Reproduce the data below word for word, setting aside any picture it holds.

*DATA SECTION*:
>>>

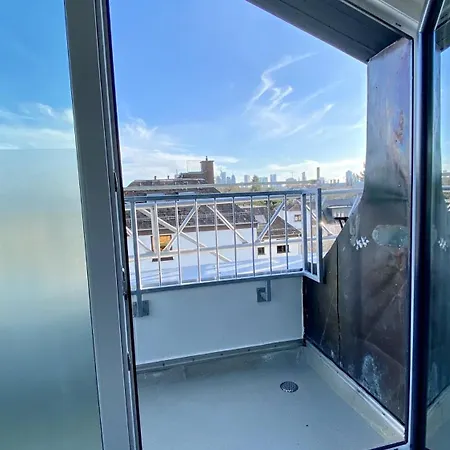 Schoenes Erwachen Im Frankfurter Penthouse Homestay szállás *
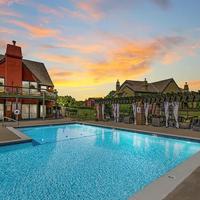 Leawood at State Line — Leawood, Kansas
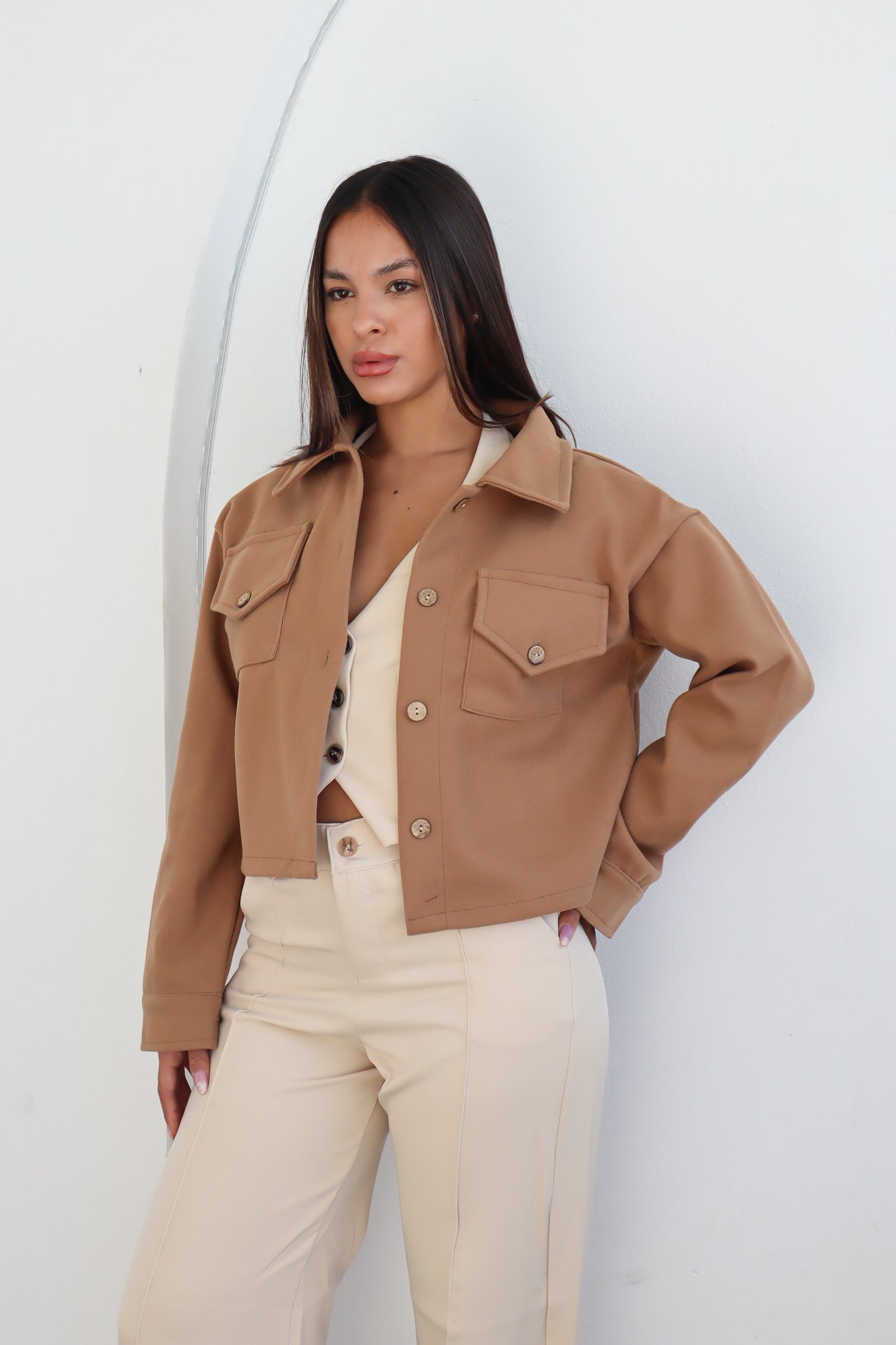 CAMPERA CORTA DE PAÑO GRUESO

<<<

*EXPECTED ANSWER*:
 Schoenes Erwachen Im Frankfurter Penthouse Homestay szállás *
 Leawood at State Line — Leawood, Kansas
 CAMPERA CORTA DE PAÑO GRUESO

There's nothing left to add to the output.